The field of speech recognition is moving towards developing more robust and adaptable models that can handle diverse speakers and language varieties. Recent research has focused on incorporating human-like adaptation mechanisms into spoken language models, allowing them to adjust to unfamiliar speakers and language varieties through exposure. This has led to significant improvements in automatic speech recognition (ASR) robustness across diverse speakers and language backgrounds. One key innovation is the use of discrete tokens extracted from self-supervised learning (SSL) models, which have been shown to exhibit interlanguage speech intelligibility benefits and can be used to simulate foreign accents. Additionally, novel frameworks for in-context learning and differentiable k-means clustering have been proposed, enabling the joint optimization of tokenization and downstream tasks.

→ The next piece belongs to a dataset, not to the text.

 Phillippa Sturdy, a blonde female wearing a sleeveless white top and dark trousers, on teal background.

Notable papers include:
- In-Context Learning Boosts Speech Recognition via Human-like Adaptation to Speakers and Language Varieties, which introduces a scalable framework for in-context learning in speech recognition.
- Discrete Tokens Exhibit Interlanguage Speech Intelligibility Benefit, which demonstrates the robustness of discrete token-based ASR to non-native speech.

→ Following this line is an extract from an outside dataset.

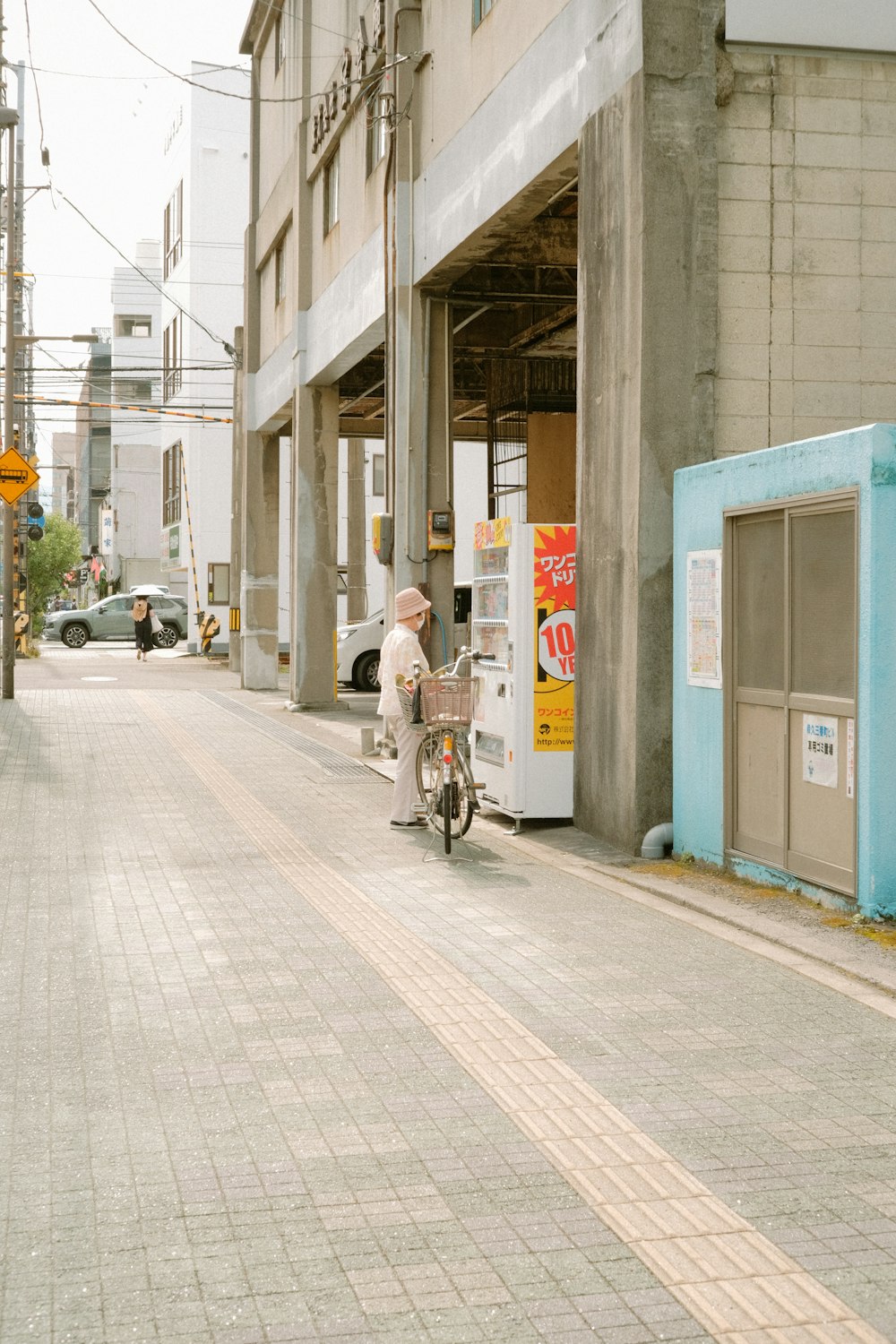 man in white shirt riding bicycle on sidewalk during daytime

- Prosodically Enhanced Foreign Accent Simulation by Discrete Token-based Resynthesis Only with Native Speech Corpora, which proposes a method for simulating foreign accents using discrete tokens and native speech data.
- Differentiable K-means for Fully-optimized Discrete Token-based ASR, which enables the joint optimization of tokenization and downstream tasks using differentiable k-means clustering.